In February, Mr Truss sought to politicise the issue by rolling Roads to Recovery into a broader piece of legislation called the Land Transport Amendment Bill.

This Bill’s prime purpose seemed to be to expunge the term “Nation Building” from government programs and avoid any accountability in infrastructure investment decisions by the Abbott Government.

Mr Truss then led a campaign by Coalition MPs in rural and regional electorates to shower their local media outlets with the claim that Labor was trying to kill off Roads to Recovery because it wanted to amend his Land Transport Infrastructure Act.

All Labor was attempting to do was amend the legislation to hold the Coalition to its election commitments on transparency in major infrastructure investments.

Mr Truss was being too clever by half. His whole tactical focus was on attempting to create a rhetorical stick with which to beat Labor in rural and regional Australia.

He should have been addressing the practicality of whether Roads to Recovery would continue.

In the process, he needlessly frightened councils across Tasmania.

Mr Truss’s tactics highlight the way in which politicking can get in the way of the actual business of government.

The irony is that despite all of the scaremongering, Mr Truss failed to actually submit his Land Transport Amendment Bill to the Senate ahead of the June 30 deadline, even though it passed the House of Representatives five months ago.
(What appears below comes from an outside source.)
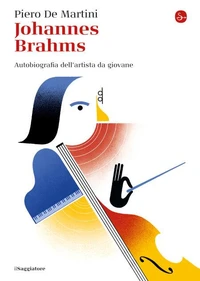 Johannes Brahms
Nor did the Senate devote a single minute to this legislation when it had the extraordinary two-week additional sitting in July.

Preoccupied with criticising Labor, the Government actually fell asleep at the administrative wheel.
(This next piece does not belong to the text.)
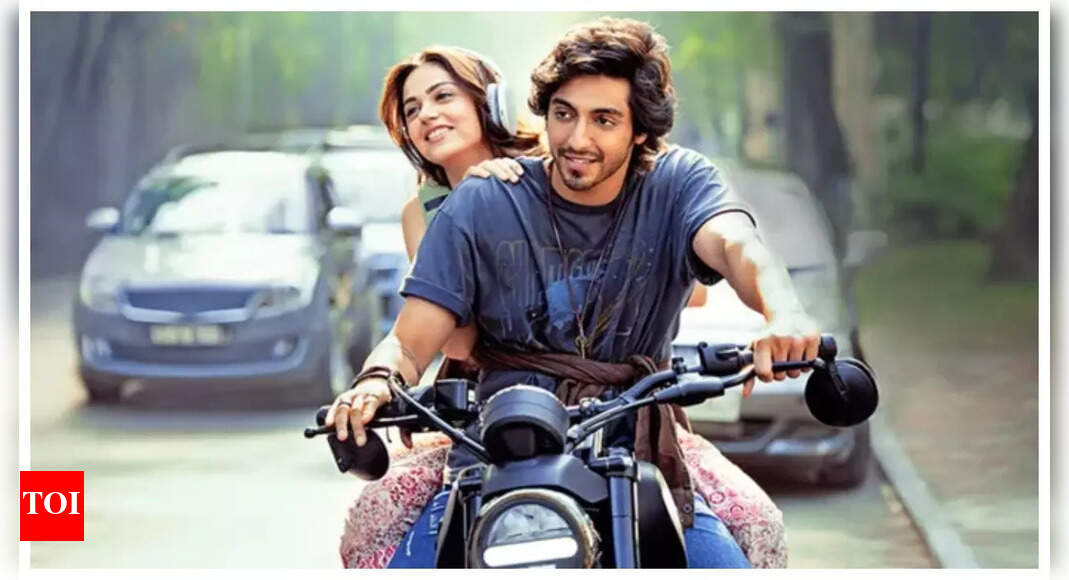 Saiyaara becomes the 3rd biggest Indian hit at North American box office of 2025 Saiyaara becomes the 3rd biggest Indian hit at North American box office of 2025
Warren Truss was more interested in the politics than in actually doing his job.

But if Mr Truss does not want to do his job, Labor is happy to help him out.
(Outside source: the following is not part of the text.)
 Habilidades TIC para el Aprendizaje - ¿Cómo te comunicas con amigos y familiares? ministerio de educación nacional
When Parliament resumes next month, Labor will seek to bring on debate of a Private Member’s Bill I have submitted, which would amend existing legislation to extend Roads to Recovery. I would expect the Government to support the Bill.

The lesson for the Coalition here is that having won the privilege to govern this country, it needs to actually govern.

Anthony Albanese is the Federal Opposition spokesman for Infrastructure, Transport and Tourism.


This piece appeared in the Hobart Mercury today.